Metamaterials are artificial composites made by periodically or non-periodically arranging sub-wavelength unit cell structures, and have demonstrated exotic effective medium parameters that are impossible or hard to obtain in nature, such as negative permittivity1, negative permeability2, near-zero refractive index3,4, etc. Among the various, zero-index metamaterials (ZIMs) are of particular interest for their ability to homogenize the phase distribution of EM waves propagating through them. Benefit from such exciting property, ZIMs have been widely used for various applications, such as EM tunneling5, bending waveguide6, geometry-independent antenna7, perfect absorber8, free-space cloak9, and surface-emitting laser10.

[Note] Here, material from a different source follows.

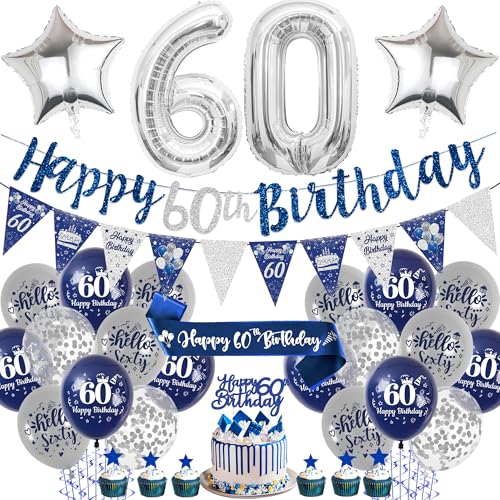 Blau Silber Geburtstag Dekorationen für Junge und Männer (Blau Silber 60th) von Aurmonigo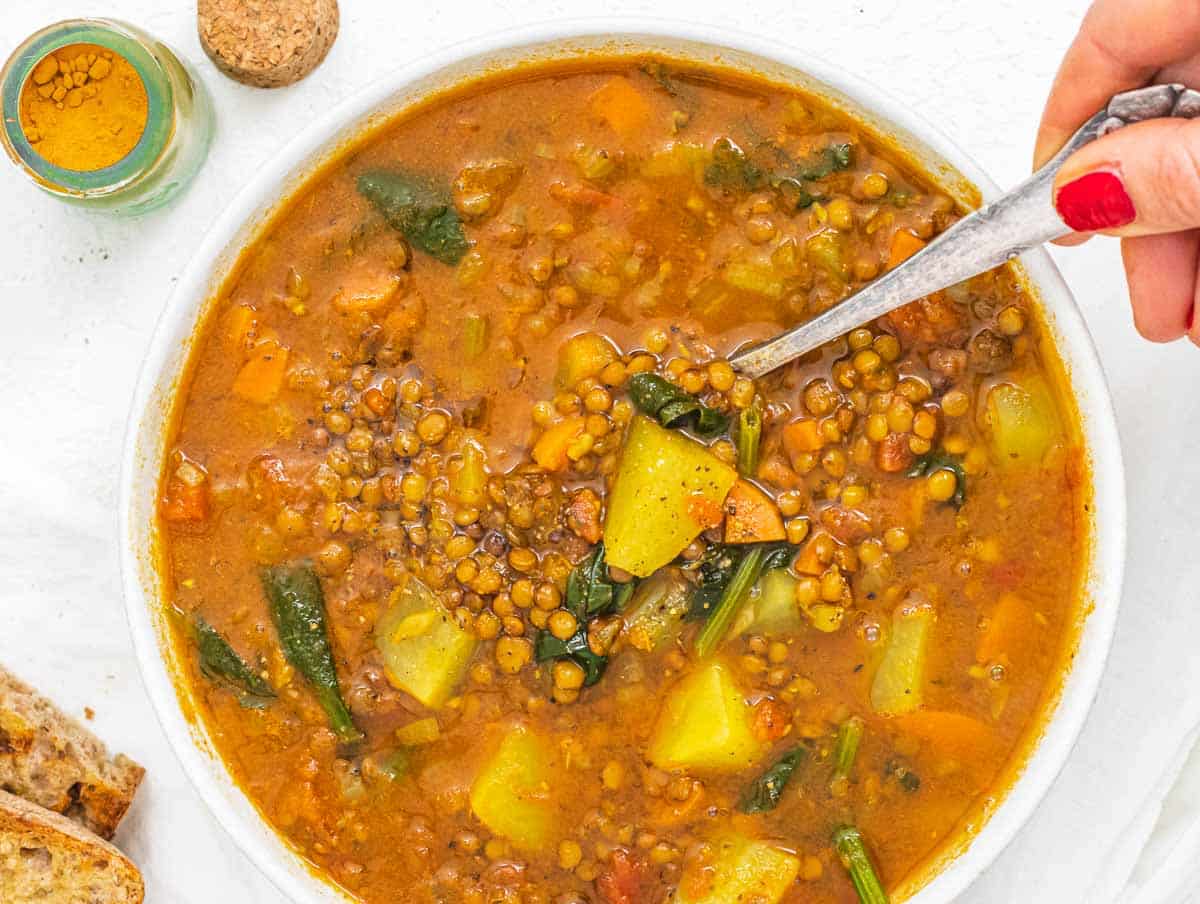 turmeric and potatoes lentil soup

ZIMs can be realized through near-zero permittivity (ENZ), near-zero permeability (MNZ), and near-zero permittivity and permeability (EMNZ), where EMNZ stands out due to the finite and designable impedance and therefore allows for better impedance matching with conventional media11. Typically, EMNZ behavior can be developed through classic fishnet metamaterials or Dirac-like cone-based ZIMs (DCZIMs). The fishnet metamaterials contain periodic metallic wires and resonators arranged in the form of fishnets, while the DCZIMs consist of a planar dielectric cylinders array. Compared to fishnet ZIMs, DCZIMs are not plagued by ohmic losses due to their all-dielectric geometry. However, due to low permittivity of used dielectric materials, it is challenging for both methods to satisfy the homogenization criteria of metamaterials12. This limitation greatly hinders the development of ZIM-based devices towards compactness, thinness, and better performance.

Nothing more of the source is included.